A flotilla of boats, draped in flags and bunting, will assemble there. Elegantly-attired crews, armed with swan poles, will take their places on board and the little armada will set off in search of swans. Families, mostly mothers with their cygnets, will be corralled between the boats and captured. Each bird will be ringed, weighed and returned to the river.
The third week of July is chosen because, by then, cygnets are old enough to have leg rings fitted. Not yet able to fly, they are easy to catch. Mothers, having shed their worn-out wing feathers, will be growing new ones.
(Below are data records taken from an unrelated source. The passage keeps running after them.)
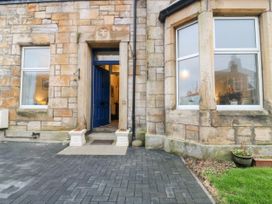 Castle Cliff - Scottish Lowlands - 25277 - thumbnail photo 2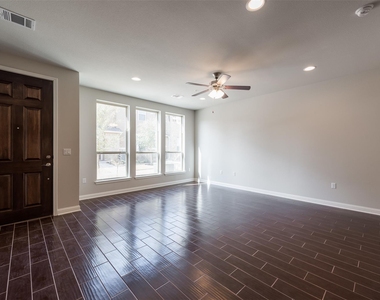 13800 Lyndhurst St - Photo Thumbnail 3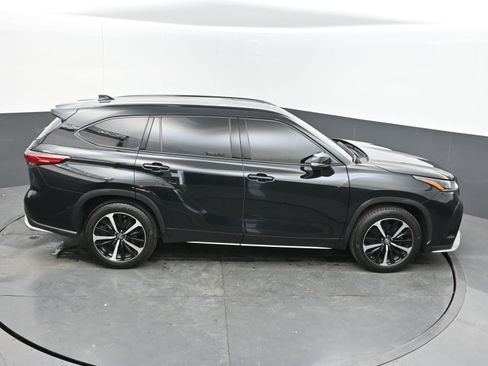 Used 2022 Toyota Highlander XSE image 40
Flightless, they too can be caught, while angry fathers, defending their families, may attack the ‘uppers’. The number of cygnets recorded during the operation last year was 83, compared to 120 in 2014.
The word ‘upping’ may come from ‘hopping’; the catchers hop from brood to brood getting one-up on the swans.
The practice dates back to the 12th century. No medieval feast was complete without roasted swan. Cygnets, but not mature birds, could be eaten. John Rutty in his Essay towards a natural history of the county of Dublin’ (1772), remarked that swan flesh ‘is succulent, but tough and hard of digestion except when very young’. The French term ‘cygnet’ denoted a swan young enough to eat. Once the brown feathers of a youngster gave way to white ones towards the end of the year, the bird was no longer edible.
In most European countries, swans were shot or clubbed to death but a more sophisticated approach to harvesting them developed in England. There, cygnets were rounded up each autumn and the pinion joint of one wing removed, preventing the growth of the large flight feathers. The pinioned youngsters were released but, grounded for life, they would not wander far and could be caught relatively easily when required for the table. Prior to a major social event or celebration, birds would be recaptured, kept in watered pits and fattened with grain before slaughter.
Swans became livestock and flocks are still known as ‘herds’. For hundreds of years, seeing mute swans in flight, or hearing the mewing sound of their wing beats, would have been a rare experience.
N F Ticehurst, in his 1955 book, The Mute Swan in England, wrote that King Edgar gave the Abbots of Croyland rights over stray swans in their area in the year 966. By then, the taking of swans had become the prerogative of the monarch. Gerald of Wales, remembered for his unflattering remarks following visits to Ireland, referred to the swan as the ‘royal fowl’. The king or queen would reward favourite courtiers and monastic institutions by granting the rights to harvest swans. As the numbers of landowners allowed to take swans increased, determining the ownership of cygnets became an issue. Systems of ‘swan-marks’ were devised. Cygnets would have a logo branded on the bill, or nicks made in the webbing of their feet.
At the foundation of the Irish State in 1921, ownership of crown property here was transferred to the relevant minister. It’s often said that swans in Britain are the property of the monarch. This is not strictly true; the queen doesn’t actually own swans, but she has the right, at her discretion, to claim ownership of any one found in the realm. It’s an important qualification. Were she or our Minister for the Environment the owners of all swans, electricity and telephone companies could seek compensation from them for the damage caused by swans colliding with aerial cables.
Swan ‘upping’ was originally a cruel exploitation of birds. Now, its bird-ringing successors help to conserve swans. This year’s upping will continue until the boats reach Abingdon, Oxfordshire, on Friday.